While I agree with much of what you say about C++, Java is much better at large systems. The biggest problem is lack of good programmers and changing requirements. Changing requirements is the nature of the beast nothing to be done about that, but most programmers suck, only a few really good ones out there. Sadly the butt kissers and bean counters are the ones in charge so the good programmers rarely get the chance to make a difference.


28 posted on 04/02/2012 8:02:14 AM PDT by jpsb
[ Post Reply | Private Reply | To 25 | View Replies]

To: jpsb; NVDave
... The biggest problem is lack of good programmers and changing requirements. Changing requirements is the nature of the beast nothing to be done about that... Sadly the butt kissers and bean counters are the ones in charge so the good programmers rarely get the chance to make a difference.

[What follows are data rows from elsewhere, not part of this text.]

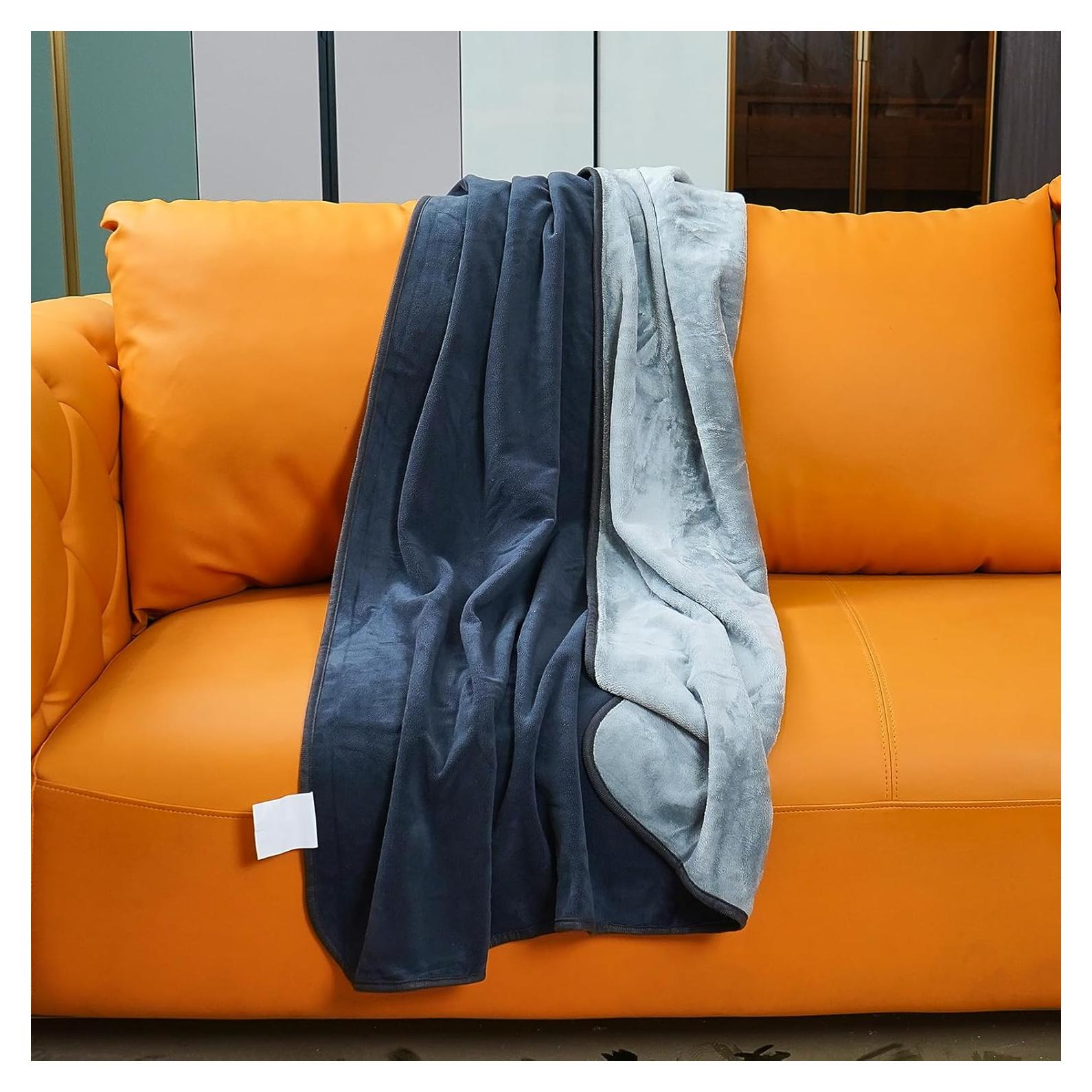 Manta Impermeable Ahinahwap 101.6x152.4cm Gris Oscuro/Plateado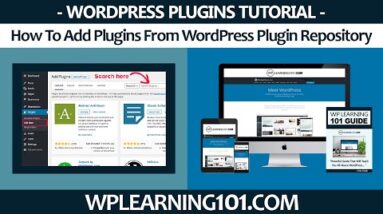 How To Add Plugins From WordPress Plugin Repository Tutorial (Step By Step)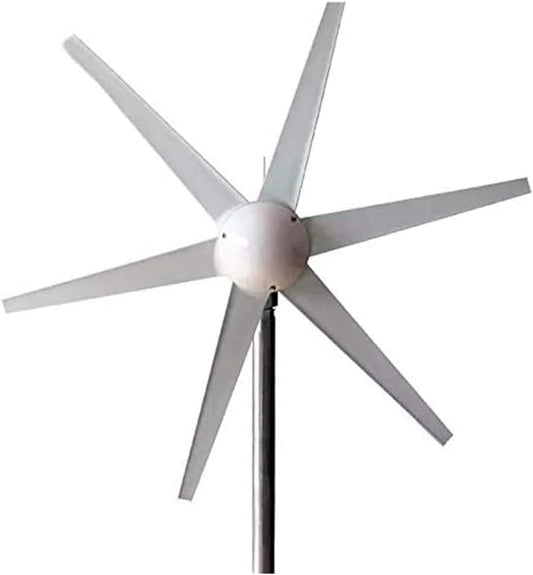 風力タービン、6枚羽根12V 24V風力タービン、1m/秒、風速400W三相風力発電機、24V(24V)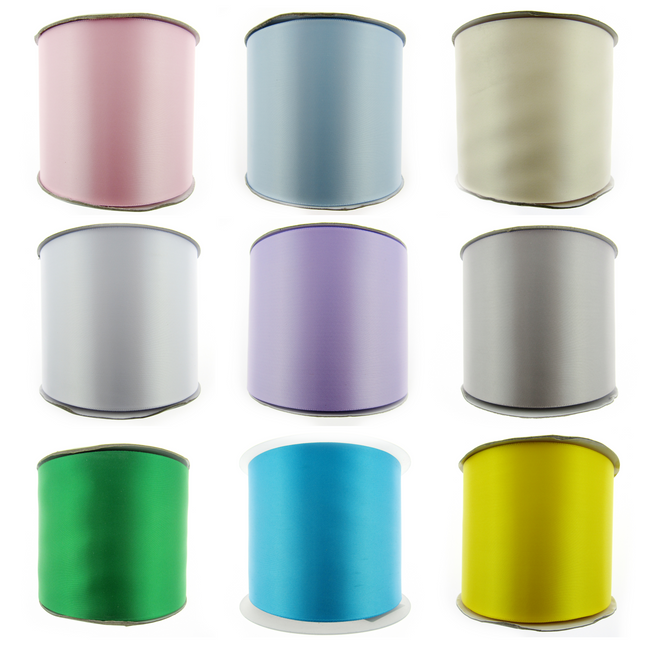 Satin Sash Ribbon 100mm 4" Extra Wide for Hen Party, Wedding Car, Decorations - ThreadandTrimmings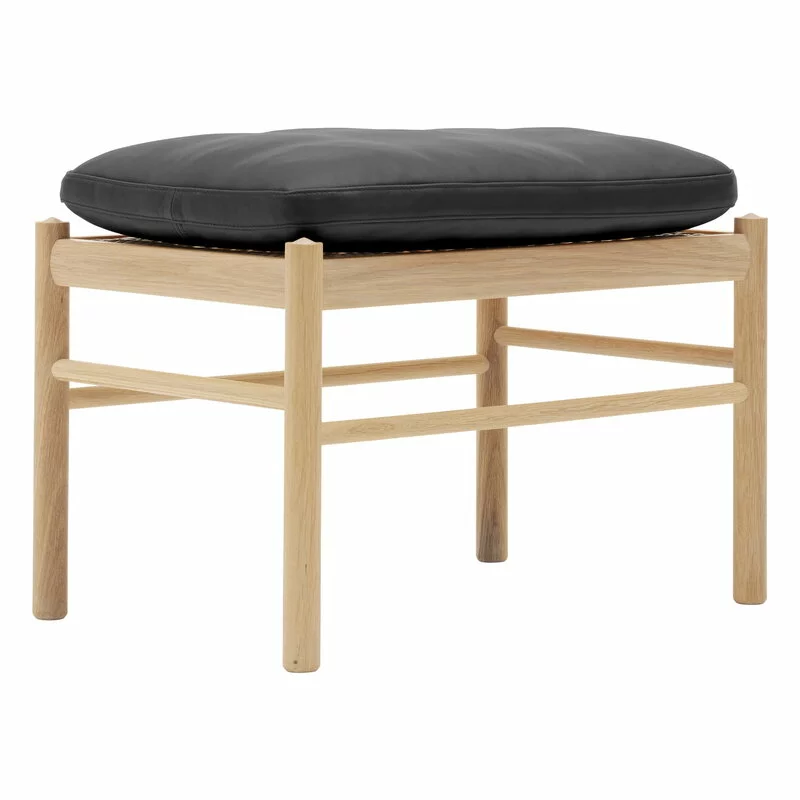 Carl Hansen & Søn Poggiapiedi OW149F Colonial, Rovere Oliato - Pelle Nera Thor 301 2 Carl Hansen & Søn Poggiapiedi OW149F Colonial, Rovere Oliato - Pelle Nera Thor 301 - immagine 2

This have been very true in my experience. While multiple studies have shown the cost effectiveness of good programmers and good testing, the bean counters and butt kissers are all about quarterly profits. I was continually amazed me how poor work by butt kisser programmers and managers was excused as 'the learning curve.'. What's worse is that upper management continually bought it.
29 posted on 04/02/2012 8:50:55 AM PDT by khelus
[ Post Reply | Private Reply | To 28 | View Replies]

To: NVDave
... but the problem is that most of the kids coming out of CS/EE schools today aren’t taught Ada, nor are they taught real-world, “Big System” s/w engineering. They don’t know jack, really. They come out knowing C/C++ and Java... and how to code their silly social media websites... and this corrupts their minds. How you think about large system design is, in part, predicated upon your implementation language. ...

... Once you get beyond trivial systems where you can review all the code and know all the states, transitions and responses to inputs... you’ll have bugs. How many you have is a function of design, implementation language and how willing management is to “do the right thing” instead of meeting their silly schedules. ...


I read your reply to U-238 and me.

Now that I see where your perspective is coming from, we are not that far apart. My perspective is of a vintage in IT professional who started pre C++ and Java, working on huge business systems. My associates in IT are of the same era. Good software engineering requires being able to look at both forests and trees, knowing when to consult with those who run production and manage data bases, being able to look backwards and forwards. These are skills that do not seem to be fostered in newer software engineers.

As systems become more complex and interface with more platforms, it is more likely that bugs will develop, however they ought to be the result of a set of exceedingly rare circumstances.

See my post # 29.
30 posted on 04/02/2012 9:04:55 AM PDT by khelus
[ Post Reply | Private Reply | To 26 | View Replies]

To: khelus

management is clueless. they think the people that write huge routines with great embedded complexity are the good programmers but the programmers that write small simple routines that can easily be maintained are a dime a dozen.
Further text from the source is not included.